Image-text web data
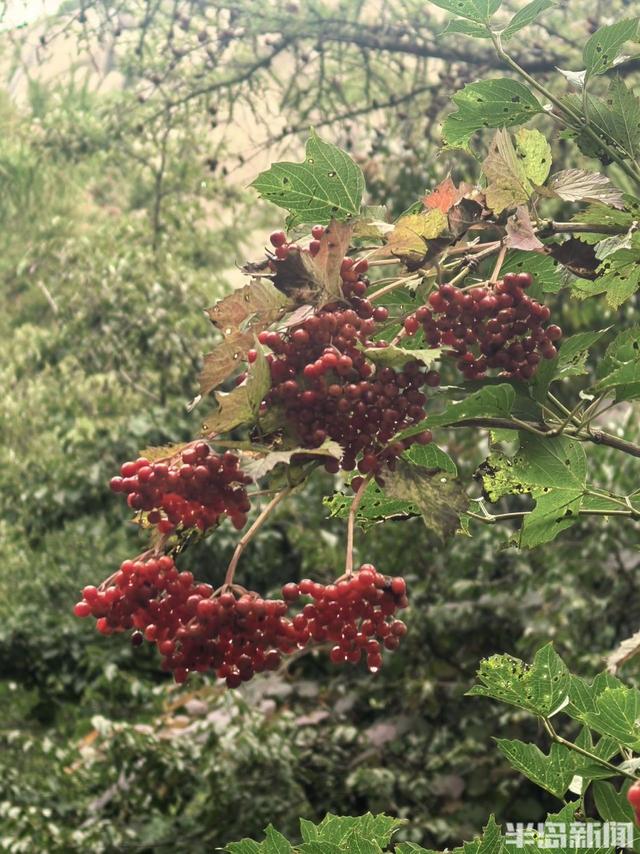 登高望远健身
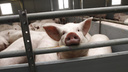 В Самарской области из-за африканской чумы погибло поголовье свиней
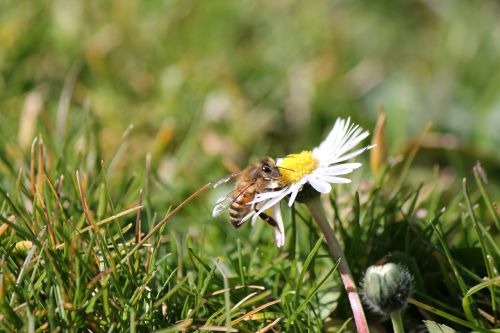 bee flower prato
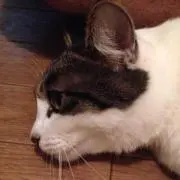 椅子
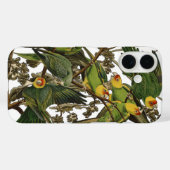 Coques Case-Mate iPhone Illustration Audubon Carolina Parrot Bird (Verso (horizontal))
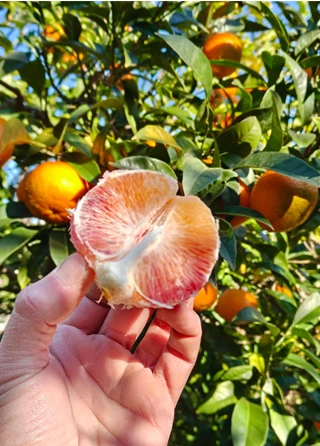 made-in-ischia-arancia-rossa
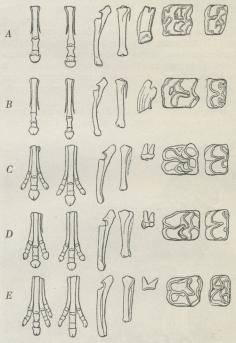 Hestens amerikanske Stamfædre (efter Marsh).<bA Hest; B Pliohippus (Hippidium); C Anchitherium;<bD Mesohippus; E Orohippus (Hyracotherium).<b1. Kolonne: Forfødder; 2.: Bagfødder; 3.: Underarme;<b4.: Skinneben; 5., 6. og 7.: Kindtænder sete fra Siden<bog fra oven.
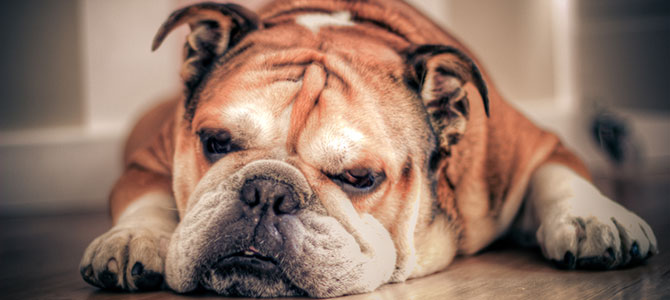 bulldog inglesi
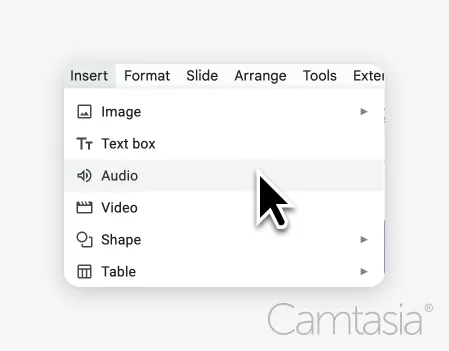 Mouse hovering over "audio"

## WHAT IS BEING ASKED:
Your answer should be the exact lines above from the one containing "bee flower prato" through the one containing "made-in-ischia-arancia-rossa", with both end lines kept and the pictures removed, please.

## TASK SOLUTION:
 bee flower prato
 椅子
 Coques Case-Mate iPhone Illustration Audubon Carolina Parrot Bird (Verso (horizontal))
 made-in-ischia-arancia-rossa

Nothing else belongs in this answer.